Partly to prevent the prize from falling entirely to France, Marlborough fought and won Blenheim (1704), his greatest triumph. So Spain was not joined to France, though a Bourbon ruled it instead of a Hapsburg. France, however, kept Alsace and most of Flanders; but she could no longer lord it over Europe, and she ceased to recognize the Old Pretender as King of England.

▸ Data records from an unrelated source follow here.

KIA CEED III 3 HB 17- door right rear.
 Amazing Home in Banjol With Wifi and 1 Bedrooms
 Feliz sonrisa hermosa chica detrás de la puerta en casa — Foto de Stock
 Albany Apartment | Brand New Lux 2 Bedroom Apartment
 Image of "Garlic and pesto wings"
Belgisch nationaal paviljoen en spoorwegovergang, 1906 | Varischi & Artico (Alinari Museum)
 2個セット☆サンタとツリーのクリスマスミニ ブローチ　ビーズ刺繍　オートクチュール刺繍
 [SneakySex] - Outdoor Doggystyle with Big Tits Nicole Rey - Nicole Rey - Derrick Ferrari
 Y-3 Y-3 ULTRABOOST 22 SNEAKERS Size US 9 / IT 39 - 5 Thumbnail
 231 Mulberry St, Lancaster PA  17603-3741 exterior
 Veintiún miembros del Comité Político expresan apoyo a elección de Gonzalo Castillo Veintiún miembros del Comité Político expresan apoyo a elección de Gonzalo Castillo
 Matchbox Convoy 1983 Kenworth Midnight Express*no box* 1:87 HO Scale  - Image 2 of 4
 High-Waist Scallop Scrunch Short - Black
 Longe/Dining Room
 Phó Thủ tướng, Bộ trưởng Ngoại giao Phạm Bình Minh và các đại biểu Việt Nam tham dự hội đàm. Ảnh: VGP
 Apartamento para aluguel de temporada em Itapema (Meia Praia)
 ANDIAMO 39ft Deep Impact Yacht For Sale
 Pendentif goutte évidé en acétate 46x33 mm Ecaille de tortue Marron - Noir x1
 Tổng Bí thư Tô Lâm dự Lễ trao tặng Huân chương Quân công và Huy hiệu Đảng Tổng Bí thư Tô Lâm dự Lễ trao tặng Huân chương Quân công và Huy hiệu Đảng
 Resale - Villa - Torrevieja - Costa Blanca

But perhaps the mass of the subjects of the Grand Monarchs felt about all these wars much as "old Kaspar" in Southey's poem did about Blenheim:

"'Great praise the Duke of Marlbro' won,And our good Prince Eugene.'

'Why, 'twas a very wicked thing!'

Said little Wilhelmine; . . .

'But what good came of it at last?'

Quoth little Peterkin.

'Why, that I cannot tell,' said he,

'But 'twas a famous victory.'"

From Charlemagne to Napoleon no monarch received such unbounded praise as Louis XIV. But the judgment of our own times upon Louis XIV is very different from that of his own age. And if it be asked nowadays, "Who did the most towards the destruction of the ancien regime?" the correct answer is, "Louis XIV, its greatest representative."

The Versailles palace and parks alone cost France one thousand million francs {more than 40,000,000), and there were fifteen other royal palaces.

The Grand Monarch, indeed, seemed to realize the truth in his dying words (1715): "Do not imitate my love for building and for war; assuage the misery of my people."

La Fontaine has a fable which gives a glimpse of the miserable French peasant of those days. A poor woodcutter, burdened with branches, and groaning and bent under his load of fagots and years, was walking along with heavy steps, trying to reach his little smoke-stained cottage. At last, weary from very misery, as he was unable to make further effort, he laid down his burden and thought over his miserable lot.

"What pleasures have I in this life? Is there any one on the round earth so poor as I? My wife, my children, the soldiers forced on me to lodge, my taxes, my debts, the labour forced on me -- all make me a perfect picture of misery."